Live and event programming changes the calculus further. With NFL games coming to the service and major entertainment franchises on deck, quick highlights, behind-the-scenes moments, and recaps are natural ingredients for a vertical stream. It’s a strategy YouTube refined with Shorts—use clips as a funnel into longer sessions—and Netflix is poised to adapt it for premium, licensed, and original content.
Discovery Ads And Personalization Will Tighten
A vertical feed is a discovery engine, but it’s also an ad canvas. Netflix’s ad-supported plan has grown rapidly—at its 2024 upfronts, the company disclosed 40 million global monthly active users—and a scrollable format creates more moments to insert brand-safe, context-aware ads without interrupting full episodes.
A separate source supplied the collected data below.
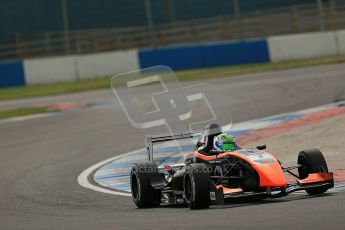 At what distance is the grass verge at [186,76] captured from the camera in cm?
2981

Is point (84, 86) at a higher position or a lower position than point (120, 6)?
lower

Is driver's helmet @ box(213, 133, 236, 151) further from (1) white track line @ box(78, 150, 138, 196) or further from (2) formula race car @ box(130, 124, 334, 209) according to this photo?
(1) white track line @ box(78, 150, 138, 196)

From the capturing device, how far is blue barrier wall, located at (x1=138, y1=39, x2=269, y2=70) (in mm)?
32906

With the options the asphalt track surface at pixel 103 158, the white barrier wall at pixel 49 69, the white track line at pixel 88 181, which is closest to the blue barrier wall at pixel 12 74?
the white barrier wall at pixel 49 69

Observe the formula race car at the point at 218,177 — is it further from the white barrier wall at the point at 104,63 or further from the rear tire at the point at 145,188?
the white barrier wall at the point at 104,63

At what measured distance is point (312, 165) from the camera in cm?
1026

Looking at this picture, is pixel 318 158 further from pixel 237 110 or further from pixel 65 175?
pixel 237 110

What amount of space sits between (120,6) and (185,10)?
2.70m

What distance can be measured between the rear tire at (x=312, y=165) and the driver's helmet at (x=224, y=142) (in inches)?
32.1

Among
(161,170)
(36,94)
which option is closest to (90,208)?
(161,170)

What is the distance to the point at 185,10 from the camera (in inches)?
1463

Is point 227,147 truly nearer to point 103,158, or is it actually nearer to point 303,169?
point 303,169

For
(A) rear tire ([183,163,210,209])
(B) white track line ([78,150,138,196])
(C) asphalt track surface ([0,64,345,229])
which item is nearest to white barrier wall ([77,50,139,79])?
(C) asphalt track surface ([0,64,345,229])

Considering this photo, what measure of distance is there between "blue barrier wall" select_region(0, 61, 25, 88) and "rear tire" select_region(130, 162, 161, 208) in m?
23.3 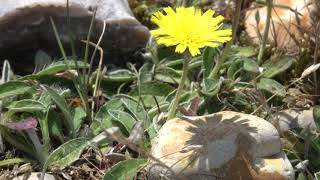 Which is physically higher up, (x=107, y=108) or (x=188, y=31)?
(x=188, y=31)

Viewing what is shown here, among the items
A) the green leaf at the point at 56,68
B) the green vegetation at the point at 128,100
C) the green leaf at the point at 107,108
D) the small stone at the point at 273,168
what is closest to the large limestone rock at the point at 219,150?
the small stone at the point at 273,168

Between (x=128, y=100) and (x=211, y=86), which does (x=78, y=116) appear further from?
(x=211, y=86)

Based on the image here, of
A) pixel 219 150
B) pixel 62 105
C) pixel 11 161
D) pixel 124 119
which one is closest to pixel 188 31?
pixel 219 150

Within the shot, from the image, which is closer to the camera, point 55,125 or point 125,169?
point 125,169

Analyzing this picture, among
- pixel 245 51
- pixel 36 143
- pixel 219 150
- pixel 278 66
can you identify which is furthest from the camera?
pixel 245 51

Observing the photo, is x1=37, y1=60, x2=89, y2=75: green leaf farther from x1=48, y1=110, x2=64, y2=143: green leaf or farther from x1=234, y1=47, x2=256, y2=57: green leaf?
x1=234, y1=47, x2=256, y2=57: green leaf

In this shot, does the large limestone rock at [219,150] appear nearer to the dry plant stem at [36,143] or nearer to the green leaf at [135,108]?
the green leaf at [135,108]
Expect formats like sponsored clip slots, interactive cards, and “watch next” prompts that feel native to the feed.
For personalization, the redesign could amplify Netflix’s long-running strengths. Instead of recommending a title, the app can recommend the precise scene most likely to hook you. Over time, the system will learn whether you respond to cast-led clips, high-action beats, or comedic moments and weight the feed accordingly. That means better cold starts for new shows and fewer abandoned tiles.
Timeline, Tests, and What to Watch for Next
Netflix says the mobile overhaul will begin rolling out later in 2026, with the same iterate-and-improve approach used on TV. Watch for early regional tests, opt-in experiments, and phased feature flags that add capabilities like gesture scrubbing, background audio for podcasts, and stronger cross-device handoff from phone to TV.
The bottom line: your Netflix app is going to feel faster, more social in its cadence, and closer to the way you already browse video on your phone. If the company executes, the vertical feed won’t just be a look—it will be a new on-ramp into the Netflix catalog, designed to turn seconds of curiosity into hours of viewing.